Старичок глянул на Болотникова подслеповатыми глазами, но, видимо, так и не признал. Подошел ближе, осенил себя крестом.
— А не врешь, молодец. Уж не лиходей ли? Наведешь порчу на лошадей, чего доброго. Ты постой тут, а я до наибольшего конюха добегу. Он‑то глазастый. Разберет что к чему, ‑ промолвил старичок.
— Да ты что, Ипатыч? Совсем у тебя память отшибло. Нешто забыл, как я тебе два дня назад пару навильников топором выстругал?
— Вот так бы и толковал сразу, Иванка. Уж ты прости меня старого. Глазами ослаб, запамятовал. Ступай к своей лошадушке.
В последнем стойле слабо заржал конь. Поднялся на ноги и потянулся мордой к человеку.
— Узнал, Гнедок. Ох и соскучился я по тебе! ‑ тепло проронил Болотников и обнял коня за шею. И почему‑то сразу вспомнились Иванке сев, отец в чистой и белой рубахе, первая, теплая, комковатая борозда…
Болотников опустился на копну свежего сена и закрыл глаза. Дурманяще пахло чуть привядшей травяной зеленью ‑ чебрецом, вьюночком, манником, пыреем, мятликой. И до чего ж хорошо лежать на мягком сене!

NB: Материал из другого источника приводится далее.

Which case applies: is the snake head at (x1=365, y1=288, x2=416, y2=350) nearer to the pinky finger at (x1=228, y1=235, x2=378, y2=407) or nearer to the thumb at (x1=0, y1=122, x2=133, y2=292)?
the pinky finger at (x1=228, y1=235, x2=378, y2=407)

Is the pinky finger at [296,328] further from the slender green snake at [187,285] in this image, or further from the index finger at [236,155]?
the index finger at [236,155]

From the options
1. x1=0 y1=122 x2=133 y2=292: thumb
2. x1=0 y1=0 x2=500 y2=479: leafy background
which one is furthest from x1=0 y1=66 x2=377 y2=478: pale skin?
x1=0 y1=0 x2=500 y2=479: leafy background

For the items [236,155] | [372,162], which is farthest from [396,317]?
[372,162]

На селе сейчас страда. Взлеты и шарканье кос, потные спины мужиков, духовитые стога…
В соседнем стойле послышался неторопливый разговор двух крестьян.
— В деревеньку тянет, ох, тянет…
— Топерь не скоро в вотчину возвернемся. Князь повел для конюшни стога в лугах метать.
— У тя лошаденка есть?
— Угу. Добрый коняга. Соху легко тянет. Три года его выхаживал. А у тебя?
— Нету, братец. Прошлым летом загубили мою Каурку. Князь себе летние хоромы ставил. Лошаденку к плотничьей артели приписал. Лесины таскала Каурка. А она у меня по десятому году, слабосильная. Возле хором и пала. Потом не купил.
— А чяво ж?
— Хе, братец. Откуда эких денег набраться? В одном кармане вошь на аркане, в другом блоха на цепи. Ребятенок‑то тринадцать душ!
— Пропадешь без лошаденки.
— Пропаду, братец… К соседу пойду. Богатющий, изба‑пятистенка. Приеду с боярщины и в ноги кинусь Никите Силычу. Коня попрошу. Вспашу десятину как‑нито.
— Дорого дерет, поди, Силыч?
— Свирепый. Без бога живет. За каждый день по чети хлебушка обирает.
— Ох, сгинешь…
— Сгину, братец.
— Оброк велик князю даете?
Уж куда больше. На Евдокию в сусеках един ветер гуляет.
— А деревенька у вас большая?
— Не. Года три назад стояло десять изб, а теперь всего пять дворов осталось. Кои мрут с голодухи, кои в бегах. У меня два братана шестой год в бегах. Бродяжная Русь нонче…
Болотников протянул руку к Гнедку. Конь лизнул сухую ладонь шершавым языком и снова тихо заржал. Иванка поднялся и долго молча стоял, прижавшись щекой к теплому лошадиному, боку.